Auf einer Schautafel lese ich, dass es hier eine mitten in der Lahn stehende Skulptur gibt. Sie liegt aber nicht am Radweg. Ich muss länger suchen und zweimal fragen, aber das ist mir die Mühe wert. An einer kleinen Krümmung der Lahn hat man die üppige Uferbewachsung gestutzt und den Blick auf die Skulptur freigelegt. Sie zeigt ein Kind, in gebückter Haltung, das im Wasser spielt. Es scheint auf der Wasseroberfläche zu schweben. Die Skulptur versöhnt symbolisch Mensch und Natur. Der Name der Skulptur, El Niño, weist aber nicht nur auf das Kind hin, sondern was wohl auch auf das Wetterphänomen und die durch den Menschen zerstörerisch gewordene Natur.
Nach einer kleinen Pause geht es weiter. Wieder geht es die ganze Zeit über asphaltierte Feldwege. Schön und leicht zu fahren. Wenn es mal ein Stück eine Straße entlang geht, folgt meist schon kurz darauf die Abbiegung auf den Radweg auf der anderen Seite.
Immer wieder hört man das Rauschen der Autos, einmal sogar von beiden Seiten, aber in gehöriger Entfernung. Und die Straße kommt kaum einmal zum Vorschein. Sie bleibt durch die Bäume dem Auge verborgen.
Die Lahn ist schön. Mal plätschert sie vor sich her, mal rauscht sie, mal fließt sie gemächlich vor sich hin, mal steht sie wie ein See.

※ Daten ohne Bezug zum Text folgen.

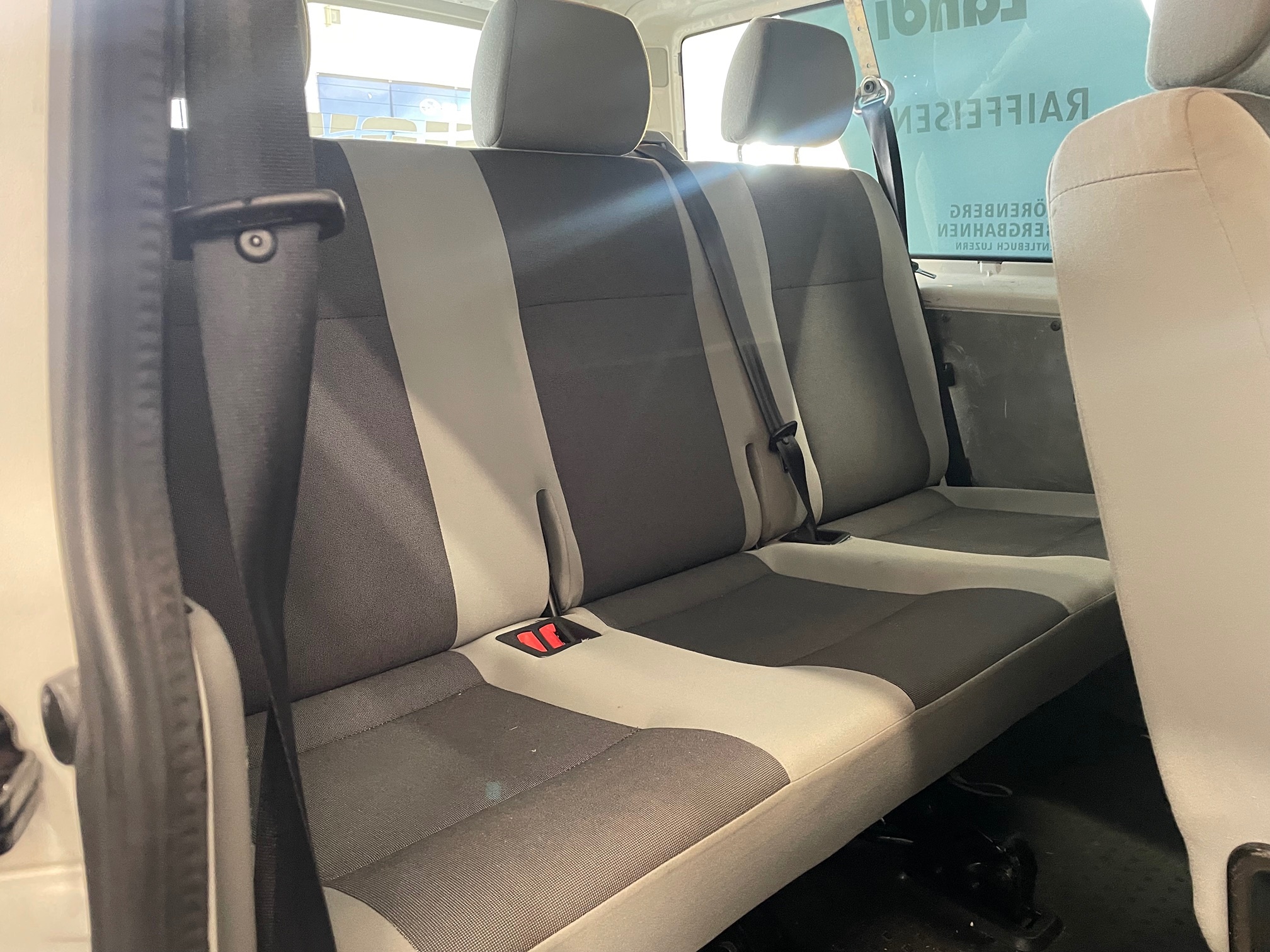 VW T5 Kombi D BMT 4M — zdjęcie 11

Was besonders schön ist: Sie ist ein richtiger Fluss, unregelmäßig in der Form, ohne Begradigungen an den Seiten. Manchmal hört man sie nur, weil sie sich hinter der wild wuchernden Vegetation der Uferböschung versteckt, manchmal merkt man sie gar nicht, bis irgendwo eine Sichtlücke entsteht. Ach guck mal, da ist ja die Lahn! Auch wenn der Radweg sie immer wieder mal verlässt, kreuzt sie kurze Zeit später wieder auf.
Hinter Biedenkopf gibt es noch mal einen langgezogenen Anstieg in den Wald hinein. Die Strecke entschädigt aber dafür.
In einem Ort mit dem schönen Namen Friedensdorf (hat mit Frieden wahrscheinlich genauso wenig zu tun wie Friedhof) steht ein altes Mühlenwerk in einem Bau aus dunkelroten Backsteinen.
Nach zwei Stunden komme ich nach Caldern, einem alten Bauerndorf mit hohen Häusern, Fachwerk über einem steinernen Erdgeschoss. Jetzt wäre eine Bäckerei für eine kleine Pause sehr willkommen. Aber es ist weit und breit nichts zu sehen. Ich komme ans Ortsende, und siehe da: eine Bäckerei! Eine Mühlenbäckerei. Die Mühle wurde schon 1399 erstmals erwähnt und ging dann in den Besitz eines Zisterzienserklosters und dann in den Besitz der Universität Marburg über. Sie wurde betrieben von „Universitäts-Erbleihmüllern“ betrieben, wie eine Schautafel erklärt. Was das ist, kann man sich nur ungefähr vorstellen.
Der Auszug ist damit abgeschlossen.